Noch am Mittwoch sprach Merkel vom ausbleibenden Terror aus Afghanistan

Was die Bundeskanzlerin vor dem Bundestag als "bleibendes Verdienst" des internationalen Afghanistan-Einsatzes bezeichnete, hat sich zwei Tage später erledigt. Auch hier war die Wirklichkeit viel schneller als die westliche Politik.

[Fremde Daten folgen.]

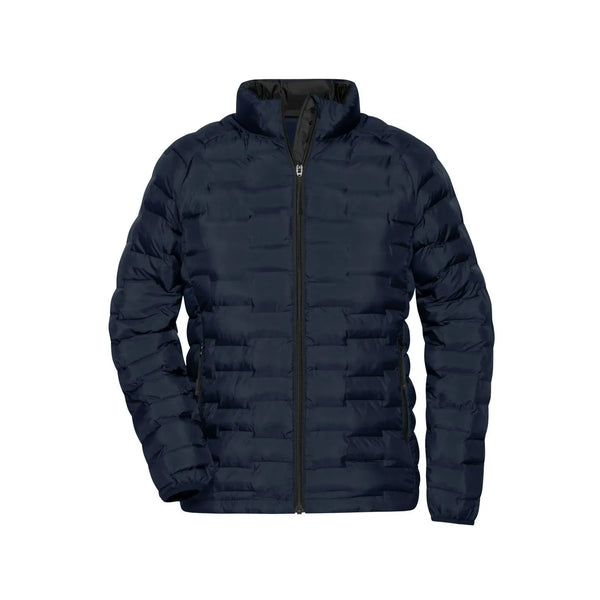 Giacca Ladies Modern Padded blu / XS - personalizzabile con logo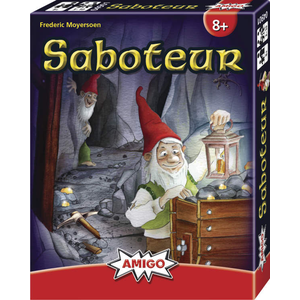 Saboteur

Angela Merkel bei ihrer Regierungserklärung am 25. August 2021

IMAGO / Jens Schicke

Mit dem tödlichen Doppelanschlag in Kabul wird auch eine Behauptung von Bundeskanzlerin Angela Merkel zu Makulatur. Sie hatte noch am Mittwoch im Bundestag gesagt: „Trotz der rasanten Machtübernahme durch die Taliban bin ich überzeugt, dass die internationale Gemeinschaft in den letzten 20 Jahren in Afghanistan auch Gutes bewirkt hat. Deutschland hat hierzu substanziell beigetragen und seinen Teil der Verantwortung übernommen, nicht zuletzt durch den parlamentarisch kontinuierlich breit unterstützten Einsatz der Bundeswehr. Wir haben das Ziel erreicht, das 2001 am Anfang des Einsatzes stand: Von Afghanistan sind seither keine internationalen Terroranschläge mehr ausgegangen. Das war ein konkreter Beitrag zur Sicherheit unseres Landes und ist ein bleibendes Verdienst unserer Soldatinnen und Soldaten. Dafür gebühren ihnen der Dank und die Anerkennung unseres Landes. Gleichwohl dürfen wir nicht die Augen vor der Gefahr verschließen, dass Afghanistan mit dem Abzug der Verbündeten wieder ein Hort internationaler Terrorgefahr werden kann. Das muss verhindert werden.“

Schon zwei Tage nach der Rede kann dieses Ziel wohl nur als gescheitert angesehen werden. Der Anschlag fand zwar in Kabul und nicht in einem westlichen Land statt, doch mit dem internationalen Flughafen und den vielen getöteten US-Soldaten ist er eindeutig als Angriff auf die USA und den Westens verstehen. Es war ein Akt des internationalen Terrors.

Die Attentäter, ob sie nun tatsächlich zum „Islamischen Staat“ gehören oder nicht, und das Versagen der Taliban bei der Verhinderung des Anschlags (die USA hatten ihrem Versprechen, den Flughafen vor Attentätern zu schützen offenbar vertraut), belegen nun, dass nicht nur das sekundäre Ziel des Afghanistan-Krieges, also der Aufbau eines westlich-freiheitlichen Staates, sondern auch das ursprüngliche Primärziel, also die Ausschaltung einer Hochburg des islamistischen Terrors, gescheitert ist. Man mag das Verdienst der Bundeswehrsoldaten im Afghanistan-Einsatz nicht schmälern, aber „bleibend“, wie die Kanzlerin behauptete, ist es ganz offensichtlich nicht.